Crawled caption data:
# # # # #
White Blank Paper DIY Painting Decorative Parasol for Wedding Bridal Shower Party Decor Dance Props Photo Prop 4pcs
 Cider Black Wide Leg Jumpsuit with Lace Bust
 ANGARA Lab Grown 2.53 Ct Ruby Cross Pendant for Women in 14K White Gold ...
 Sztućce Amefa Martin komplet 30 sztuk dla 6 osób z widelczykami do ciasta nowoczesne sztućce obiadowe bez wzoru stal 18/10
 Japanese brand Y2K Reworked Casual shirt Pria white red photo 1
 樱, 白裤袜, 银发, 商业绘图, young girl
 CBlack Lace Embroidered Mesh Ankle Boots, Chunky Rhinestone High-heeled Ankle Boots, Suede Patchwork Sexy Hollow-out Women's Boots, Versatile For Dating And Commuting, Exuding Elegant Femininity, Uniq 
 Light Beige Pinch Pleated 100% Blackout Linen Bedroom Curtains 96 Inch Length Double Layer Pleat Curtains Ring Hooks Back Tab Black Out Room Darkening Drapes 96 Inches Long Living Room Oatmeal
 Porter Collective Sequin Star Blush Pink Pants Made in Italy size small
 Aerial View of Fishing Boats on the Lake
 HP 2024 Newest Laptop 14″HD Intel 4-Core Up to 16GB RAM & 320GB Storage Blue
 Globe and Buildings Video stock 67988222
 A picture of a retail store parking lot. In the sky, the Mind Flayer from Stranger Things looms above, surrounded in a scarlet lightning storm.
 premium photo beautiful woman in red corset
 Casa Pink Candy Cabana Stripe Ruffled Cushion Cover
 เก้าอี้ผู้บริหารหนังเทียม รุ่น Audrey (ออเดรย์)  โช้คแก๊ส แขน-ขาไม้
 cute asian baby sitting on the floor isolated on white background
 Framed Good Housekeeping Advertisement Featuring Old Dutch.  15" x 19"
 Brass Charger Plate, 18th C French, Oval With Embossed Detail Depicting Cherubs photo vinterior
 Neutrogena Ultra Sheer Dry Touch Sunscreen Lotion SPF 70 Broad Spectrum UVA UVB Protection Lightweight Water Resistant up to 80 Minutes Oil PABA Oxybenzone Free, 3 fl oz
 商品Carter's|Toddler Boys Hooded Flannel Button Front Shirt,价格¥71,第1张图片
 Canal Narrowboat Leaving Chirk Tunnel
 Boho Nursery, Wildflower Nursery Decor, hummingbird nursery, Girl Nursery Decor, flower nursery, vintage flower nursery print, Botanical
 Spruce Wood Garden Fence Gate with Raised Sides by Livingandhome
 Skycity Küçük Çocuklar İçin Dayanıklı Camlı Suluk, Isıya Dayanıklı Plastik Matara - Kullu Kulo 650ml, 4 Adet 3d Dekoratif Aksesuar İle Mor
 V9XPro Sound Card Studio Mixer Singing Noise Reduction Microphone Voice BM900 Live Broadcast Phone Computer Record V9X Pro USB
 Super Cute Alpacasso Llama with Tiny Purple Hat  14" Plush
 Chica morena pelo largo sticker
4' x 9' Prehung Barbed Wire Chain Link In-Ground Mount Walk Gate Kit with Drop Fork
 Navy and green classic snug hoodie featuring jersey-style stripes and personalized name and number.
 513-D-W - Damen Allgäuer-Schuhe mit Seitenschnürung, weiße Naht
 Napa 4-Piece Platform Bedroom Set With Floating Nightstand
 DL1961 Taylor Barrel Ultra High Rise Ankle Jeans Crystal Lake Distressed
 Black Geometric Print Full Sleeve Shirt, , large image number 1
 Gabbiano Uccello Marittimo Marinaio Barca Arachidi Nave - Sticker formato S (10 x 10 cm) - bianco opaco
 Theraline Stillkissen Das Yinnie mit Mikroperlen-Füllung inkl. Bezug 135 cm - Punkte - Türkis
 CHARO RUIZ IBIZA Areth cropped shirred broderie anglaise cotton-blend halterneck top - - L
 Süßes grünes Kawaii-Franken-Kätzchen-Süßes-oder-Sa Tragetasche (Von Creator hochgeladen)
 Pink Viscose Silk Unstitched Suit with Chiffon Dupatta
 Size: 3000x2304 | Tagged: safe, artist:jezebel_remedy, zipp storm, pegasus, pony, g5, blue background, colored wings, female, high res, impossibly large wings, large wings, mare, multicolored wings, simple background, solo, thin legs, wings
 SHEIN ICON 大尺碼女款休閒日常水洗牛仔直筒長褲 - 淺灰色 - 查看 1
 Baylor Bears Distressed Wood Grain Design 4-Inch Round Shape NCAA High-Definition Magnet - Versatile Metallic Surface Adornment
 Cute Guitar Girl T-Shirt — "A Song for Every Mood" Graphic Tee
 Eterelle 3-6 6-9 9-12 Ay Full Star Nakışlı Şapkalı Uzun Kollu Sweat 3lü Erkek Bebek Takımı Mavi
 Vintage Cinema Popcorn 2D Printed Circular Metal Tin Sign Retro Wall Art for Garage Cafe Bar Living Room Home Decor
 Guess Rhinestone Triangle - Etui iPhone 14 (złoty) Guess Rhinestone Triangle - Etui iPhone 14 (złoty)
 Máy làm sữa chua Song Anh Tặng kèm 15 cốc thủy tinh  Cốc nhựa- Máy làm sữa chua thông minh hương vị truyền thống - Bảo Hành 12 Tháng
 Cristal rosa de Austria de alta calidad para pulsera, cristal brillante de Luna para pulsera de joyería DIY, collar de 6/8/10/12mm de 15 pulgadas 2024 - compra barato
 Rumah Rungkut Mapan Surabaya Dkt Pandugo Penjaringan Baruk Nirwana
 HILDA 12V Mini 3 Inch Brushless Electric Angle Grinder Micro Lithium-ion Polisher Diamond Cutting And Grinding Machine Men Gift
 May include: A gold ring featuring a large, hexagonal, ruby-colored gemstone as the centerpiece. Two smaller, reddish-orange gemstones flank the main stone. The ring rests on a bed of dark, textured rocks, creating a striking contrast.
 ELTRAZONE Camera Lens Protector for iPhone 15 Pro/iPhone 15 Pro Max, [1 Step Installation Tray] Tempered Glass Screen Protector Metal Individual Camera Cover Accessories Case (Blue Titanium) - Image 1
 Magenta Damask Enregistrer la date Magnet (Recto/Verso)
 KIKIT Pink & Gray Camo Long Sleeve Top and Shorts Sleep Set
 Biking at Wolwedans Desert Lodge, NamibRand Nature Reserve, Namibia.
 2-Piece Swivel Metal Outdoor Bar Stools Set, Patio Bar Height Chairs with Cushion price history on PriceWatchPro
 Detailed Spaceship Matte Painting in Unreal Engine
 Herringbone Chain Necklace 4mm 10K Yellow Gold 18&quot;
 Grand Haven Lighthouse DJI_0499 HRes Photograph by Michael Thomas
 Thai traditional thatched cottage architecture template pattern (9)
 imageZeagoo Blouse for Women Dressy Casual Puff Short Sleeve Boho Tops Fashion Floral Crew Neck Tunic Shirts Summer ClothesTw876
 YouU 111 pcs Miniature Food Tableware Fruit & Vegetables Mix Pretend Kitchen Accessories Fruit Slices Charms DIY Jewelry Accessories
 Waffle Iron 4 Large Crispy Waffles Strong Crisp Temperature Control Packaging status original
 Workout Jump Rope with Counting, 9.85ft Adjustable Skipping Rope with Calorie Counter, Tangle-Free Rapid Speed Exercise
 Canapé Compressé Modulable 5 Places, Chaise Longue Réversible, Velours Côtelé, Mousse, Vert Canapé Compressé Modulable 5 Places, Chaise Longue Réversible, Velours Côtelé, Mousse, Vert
# # # # #
EXERCISE BRIEF — Down to the last line, restate the records exactly.

SOLUTION BELOW —
White Blank Paper DIY Painting Decorative Parasol for Wedding Bridal Shower Party Decor Dance Props Photo Prop 4pcs
 Cider Black Wide Leg Jumpsuit with Lace Bust
 ANGARA Lab Grown 2.53 Ct Ruby Cross Pendant for Women in 14K White Gold ...
 Sztućce Amefa Martin komplet 30 sztuk dla 6 osób z widelczykami do ciasta nowoczesne sztućce obiadowe bez wzoru stal 18/10
 Japanese brand Y2K Reworked Casual shirt Pria white red photo 1
 樱, 白裤袜, 银发, 商业绘图, young girl
 CBlack Lace Embroidered Mesh Ankle Boots, Chunky Rhinestone High-heeled Ankle Boots, Suede Patchwork Sexy Hollow-out Women's Boots, Versatile For Dating And Commuting, Exuding Elegant Femininity, Uniq 
 Light Beige Pinch Pleated 100% Blackout Linen Bedroom Curtains 96 Inch Length Double Layer Pleat Curtains Ring Hooks Back Tab Black Out Room Darkening Drapes 96 Inches Long Living Room Oatmeal
 Porter Collective Sequin Star Blush Pink Pants Made in Italy size small
 Aerial View of Fishing Boats on the Lake
 HP 2024 Newest Laptop 14″HD Intel 4-Core Up to 16GB RAM & 320GB Storage Blue
 Globe and Buildings Video stock 67988222
 A picture of a retail store parking lot. In the sky, the Mind Flayer from Stranger Things looms above, surrounded in a scarlet lightning storm.
 premium photo beautiful woman in red corset
 Casa Pink Candy Cabana Stripe Ruffled Cushion Cover
 เก้าอี้ผู้บริหารหนังเทียม รุ่น Audrey (ออเดรย์)  โช้คแก๊ส แขน-ขาไม้
 cute asian baby sitting on the floor isolated on white background
 Framed Good Housekeeping Advertisement Featuring Old Dutch.  15" x 19"
 Brass Charger Plate, 18th C French, Oval With Embossed Detail Depicting Cherubs photo vinterior
 Neutrogena Ultra Sheer Dry Touch Sunscreen Lotion SPF 70 Broad Spectrum UVA UVB Protection Lightweight Water Resistant up to 80 Minutes Oil PABA Oxybenzone Free, 3 fl oz
 商品Carter's|Toddler Boys Hooded Flannel Button Front Shirt,价格¥71,第1张图片
 Canal Narrowboat Leaving Chirk Tunnel
 Boho Nursery, Wildflower Nursery Decor, hummingbird nursery, Girl Nursery Decor, flower nursery, vintage flower nursery print, Botanical
 Spruce Wood Garden Fence Gate with Raised Sides by Livingandhome
 Skycity Küçük Çocuklar İçin Dayanıklı Camlı Suluk, Isıya Dayanıklı Plastik Matara - Kullu Kulo 650ml, 4 Adet 3d Dekoratif Aksesuar İle Mor
 V9XPro Sound Card Studio Mixer Singing Noise Reduction Microphone Voice BM900 Live Broadcast Phone Computer Record V9X Pro USB
 Super Cute Alpacasso Llama with Tiny Purple Hat  14" Plush
 Chica morena pelo largo sticker
4' x 9' Prehung Barbed Wire Chain Link In-Ground Mount Walk Gate Kit with Drop Fork
 Navy and green classic snug hoodie featuring jersey-style stripes and personalized name and number.
 513-D-W - Damen Allgäuer-Schuhe mit Seitenschnürung, weiße Naht
 Napa 4-Piece Platform Bedroom Set With Floating Nightstand
 DL1961 Taylor Barrel Ultra High Rise Ankle Jeans Crystal Lake Distressed
 Black Geometric Print Full Sleeve Shirt, , large image number 1
 Gabbiano Uccello Marittimo Marinaio Barca Arachidi Nave - Sticker formato S (10 x 10 cm) - bianco opaco
 Theraline Stillkissen Das Yinnie mit Mikroperlen-Füllung inkl. Bezug 135 cm - Punkte - Türkis
 CHARO RUIZ IBIZA Areth cropped shirred broderie anglaise cotton-blend halterneck top - - L
 Süßes grünes Kawaii-Franken-Kätzchen-Süßes-oder-Sa Tragetasche (Von Creator hochgeladen)
 Pink Viscose Silk Unstitched Suit with Chiffon Dupatta
 Size: 3000x2304 | Tagged: safe, artist:jezebel_remedy, zipp storm, pegasus, pony, g5, blue background, colored wings, female, high res, impossibly large wings, large wings, mare, multicolored wings, simple background, solo, thin legs, wings
 SHEIN ICON 大尺碼女款休閒日常水洗牛仔直筒長褲 - 淺灰色 - 查看 1
 Baylor Bears Distressed Wood Grain Design 4-Inch Round Shape NCAA High-Definition Magnet - Versatile Metallic Surface Adornment
 Cute Guitar Girl T-Shirt — "A Song for Every Mood" Graphic Tee
 Eterelle 3-6 6-9 9-12 Ay Full Star Nakışlı Şapkalı Uzun Kollu Sweat 3lü Erkek Bebek Takımı Mavi
 Vintage Cinema Popcorn 2D Printed Circular Metal Tin Sign Retro Wall Art for Garage Cafe Bar Living Room Home Decor
 Guess Rhinestone Triangle - Etui iPhone 14 (złoty) Guess Rhinestone Triangle - Etui iPhone 14 (złoty)
 Máy làm sữa chua Song Anh Tặng kèm 15 cốc thủy tinh  Cốc nhựa- Máy làm sữa chua thông minh hương vị truyền thống - Bảo Hành 12 Tháng
 Cristal rosa de Austria de alta calidad para pulsera, cristal brillante de Luna para pulsera de joyería DIY, collar de 6/8/10/12mm de 15 pulgadas 2024 - compra barato
 Rumah Rungkut Mapan Surabaya Dkt Pandugo Penjaringan Baruk Nirwana
 HILDA 12V Mini 3 Inch Brushless Electric Angle Grinder Micro Lithium-ion Polisher Diamond Cutting And Grinding Machine Men Gift
 May include: A gold ring featuring a large, hexagonal, ruby-colored gemstone as the centerpiece. Two smaller, reddish-orange gemstones flank the main stone. The ring rests on a bed of dark, textured rocks, creating a striking contrast.
 ELTRAZONE Camera Lens Protector for iPhone 15 Pro/iPhone 15 Pro Max, [1 Step Installation Tray] Tempered Glass Screen Protector Metal Individual Camera Cover Accessories Case (Blue Titanium) - Image 1
 Magenta Damask Enregistrer la date Magnet (Recto/Verso)
 KIKIT Pink & Gray Camo Long Sleeve Top and Shorts Sleep Set
 Biking at Wolwedans Desert Lodge, NamibRand Nature Reserve, Namibia.
 2-Piece Swivel Metal Outdoor Bar Stools Set, Patio Bar Height Chairs with Cushion price history on PriceWatchPro
 Detailed Spaceship Matte Painting in Unreal Engine
 Herringbone Chain Necklace 4mm 10K Yellow Gold 18&quot;
 Grand Haven Lighthouse DJI_0499 HRes Photograph by Michael Thomas
 Thai traditional thatched cottage architecture template pattern (9)
 imageZeagoo Blouse for Women Dressy Casual Puff Short Sleeve Boho Tops Fashion Floral Crew Neck Tunic Shirts Summer ClothesTw876
 YouU 111 pcs Miniature Food Tableware Fruit & Vegetables Mix Pretend Kitchen Accessories Fruit Slices Charms DIY Jewelry Accessories
 Waffle Iron 4 Large Crispy Waffles Strong Crisp Temperature Control Packaging status original
 Workout Jump Rope with Counting, 9.85ft Adjustable Skipping Rope with Calorie Counter, Tangle-Free Rapid Speed Exercise
 Canapé Compressé Modulable 5 Places, Chaise Longue Réversible, Velours Côtelé, Mousse, Vert Canapé Compressé Modulable 5 Places, Chaise Longue Réversible, Velours Côtelé, Mousse, Vert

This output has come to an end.